To do – Begin at the line containing "Anello Catena Oro" and give again every line to the end of the records, exactly, without the pictures.

Input records –

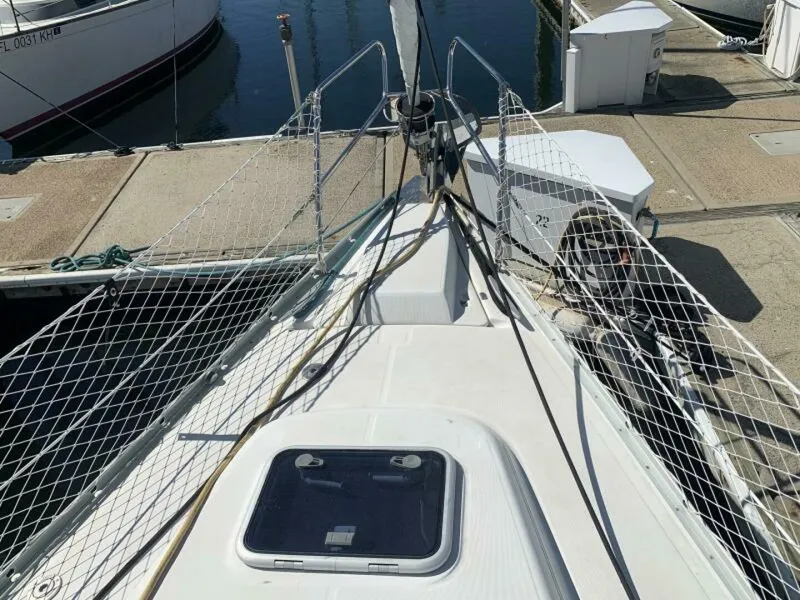 Slide: The Image of 2004 Beneteau Oceanis 393 - 6548808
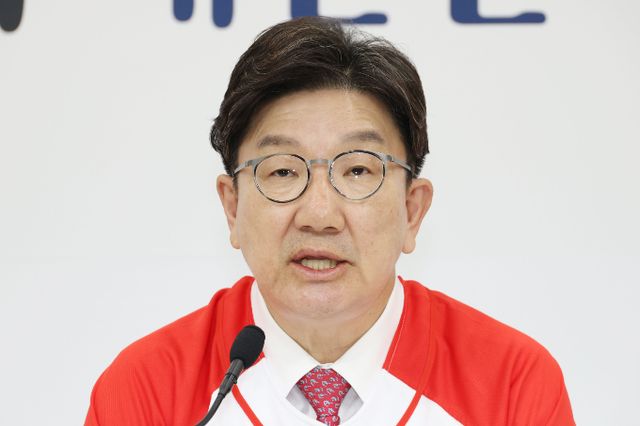 권성동 국민의힘 원내대표는 1일 앞서 유시민 작가의 발언 논란을 두고 이재명 더불어민주당 대선 후보가 입장을 밝힌 데 대해 비판의 수위를 높였다. 사진은 지난달 29일 서울 여의도 국회에서 기자간담회를 연 권 원내대표. /사진=뉴스1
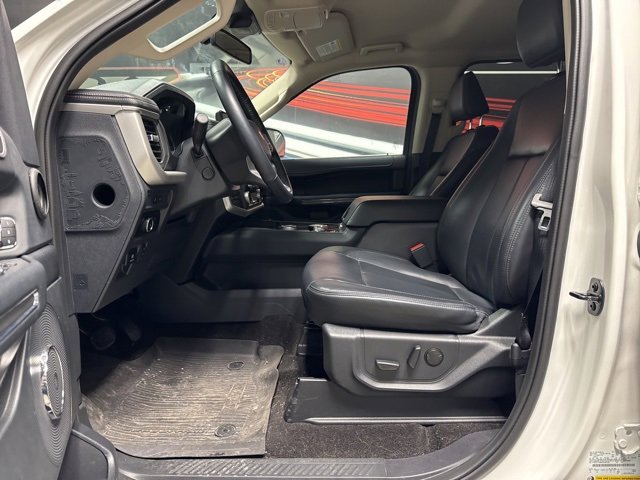 Used 2023 Ford Expedition XLT image 4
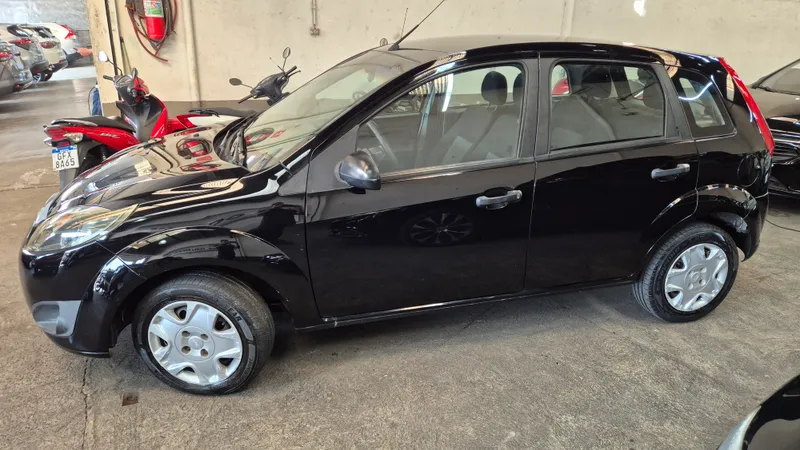 Ford Fiesta Hatch Preto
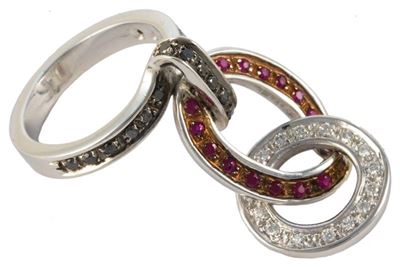 Anello Catena Oro Bianco Gr.12,80, Brillanti Neri, Brillanti Bianche Ct.0,32, Rubini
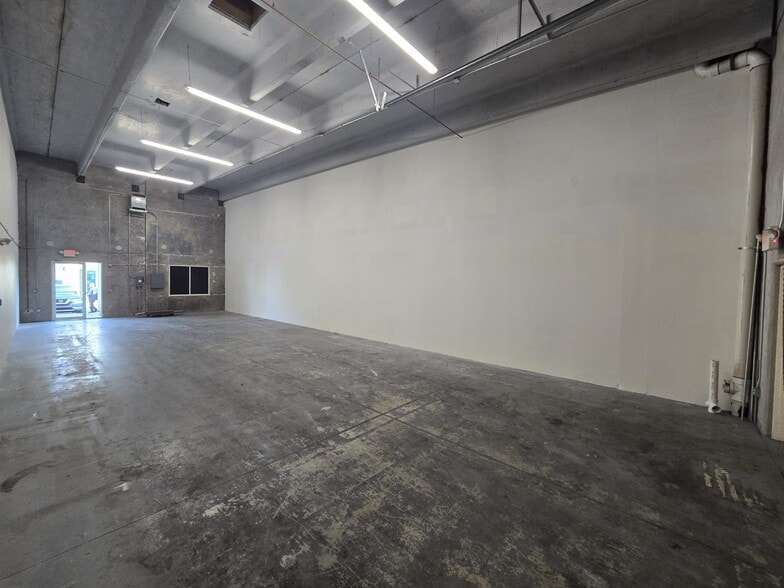 More Photos Of 1747-1781 Banks Rd, Margate Flex For Lease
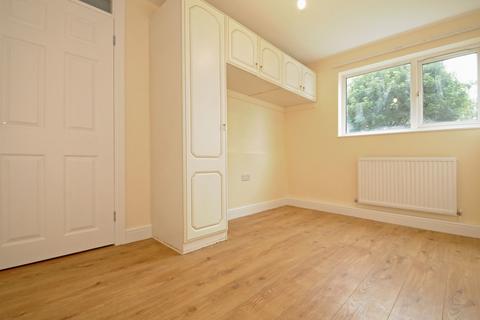 3 bedroom flat to rent, St James Lane Muswell Hill N10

Your solution –
 Anello Catena Oro Bianco Gr.12,80, Brillanti Neri, Brillanti Bianche Ct.0,32, Rubini
 More Photos Of 1747-1781 Banks Rd, Margate Flex For Lease
 3 bedroom flat to rent, St James Lane Muswell Hill N10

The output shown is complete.